Cependant, la procédure de ratification a été suspendue , peu de temps après cette signature, en raison des difficultés techniques et des objections soulevées par les praticiens.

En effet, une référence, dans l'article relatif aux « partnerships », à la clause d'élimination des doubles impositions, était erronée. Une articulation imparfaite entre articles 1 ( * ) aboutissait à un résultat non souhaité en cas de mise en oeuvre de l'« exit tax » britannique, taxe de sortie du contribuable en cas de départ du territoire.

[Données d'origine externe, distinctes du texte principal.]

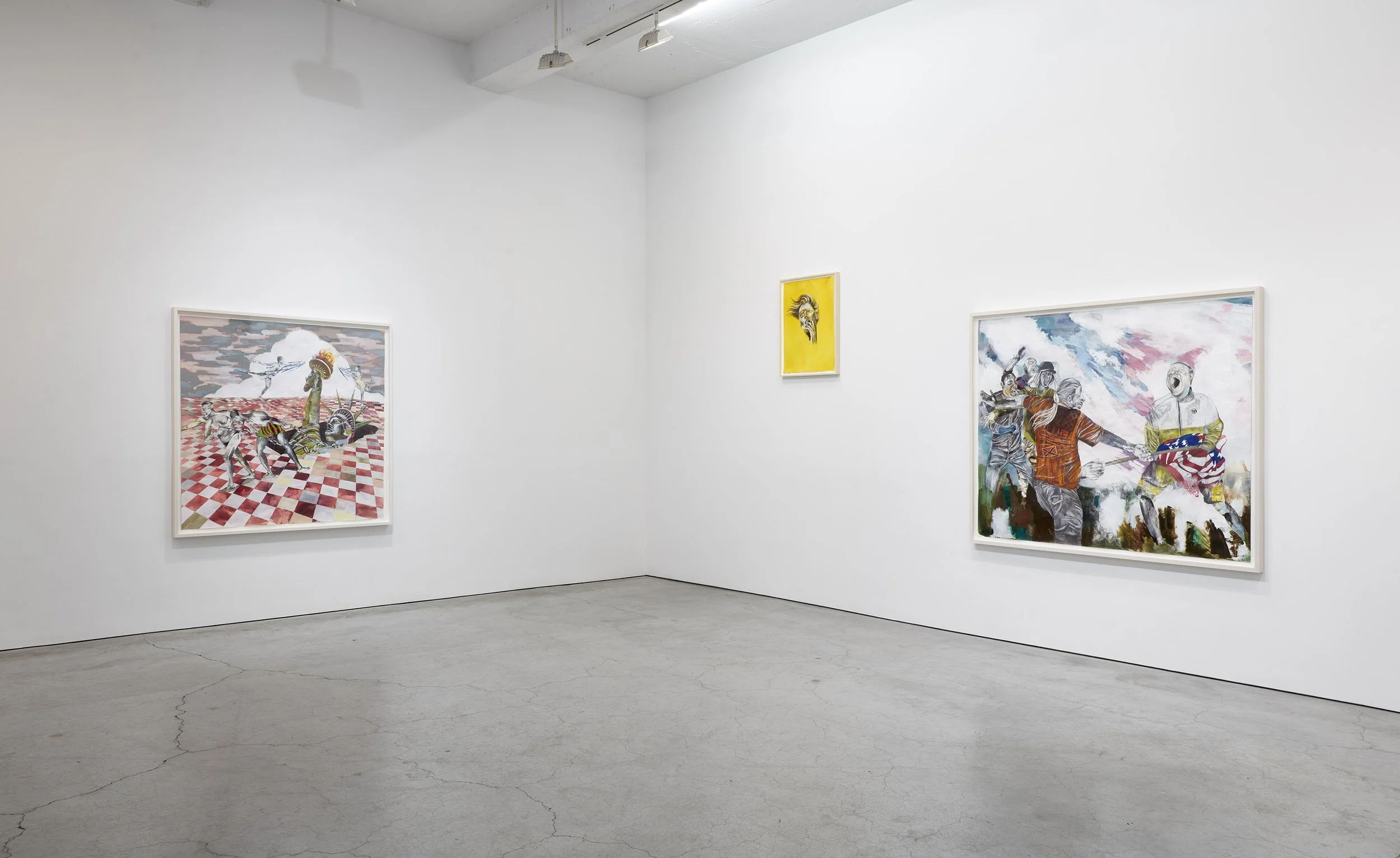 Milan installation view SMJ 03-2026 13.jpg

Par ailleurs, le texte signé permettait à la France d'imposer les revenus d'activité réalisés au Royaume-Uni par les associés d'un « partnership » britannique, par dérogation aux règles de territorialité habituelles.

La révision de la convention de 1968 étant nécessaire , les deux parties ont convenu de mener une négociation plus large, afin d'en adapter la rédaction aux évolutions récentes du modèle de convention de l'OCDE et des droits internes respectifs de chaque Etat.

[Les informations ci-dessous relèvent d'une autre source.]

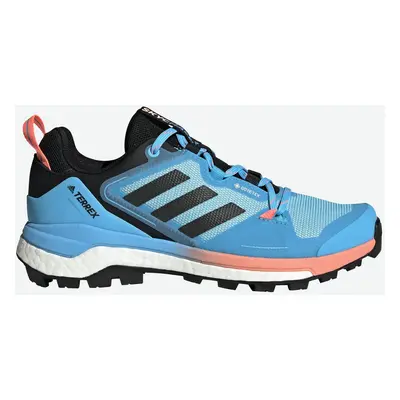 Dámské boty adidas Terrex Skychaser GTX W Blue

La négociation s'est achevée à Londres, le 31 août 2007 par le paraphe d'un projet de nouvelle convention se substituant à la convention signée en 2004.

La nouvelle convention fiscale a finalement été signée le 19 juin 2008.

II. LA GESTION DE LA CRISE FINANCIÈRE

Le Royaume-Uni constitue un partenaire économique essentiel. Il est le 4 ème client et le 7 ème fournisseur de la France. Réciproquement, la France est le 3 ème client et le 5 ème fournisseur du Royaume-Uni avec 7 % des parts de marché en 2007.

En matière d'investissements, le Royaume-Uni est la première destination des investissements français à l'étranger (11 % du total) avec 1.900 filiales et 350.000 salariés. Les investissements britanniques en France arrivent au 2 ème rang (15,4% du total).

En 2007, environ 250.000 Français étaient installés au Royaume-Uni et près de 25.000 entreprises françaises y commercialisaient leurs produits , 1.584 y étant, en outre, implantées.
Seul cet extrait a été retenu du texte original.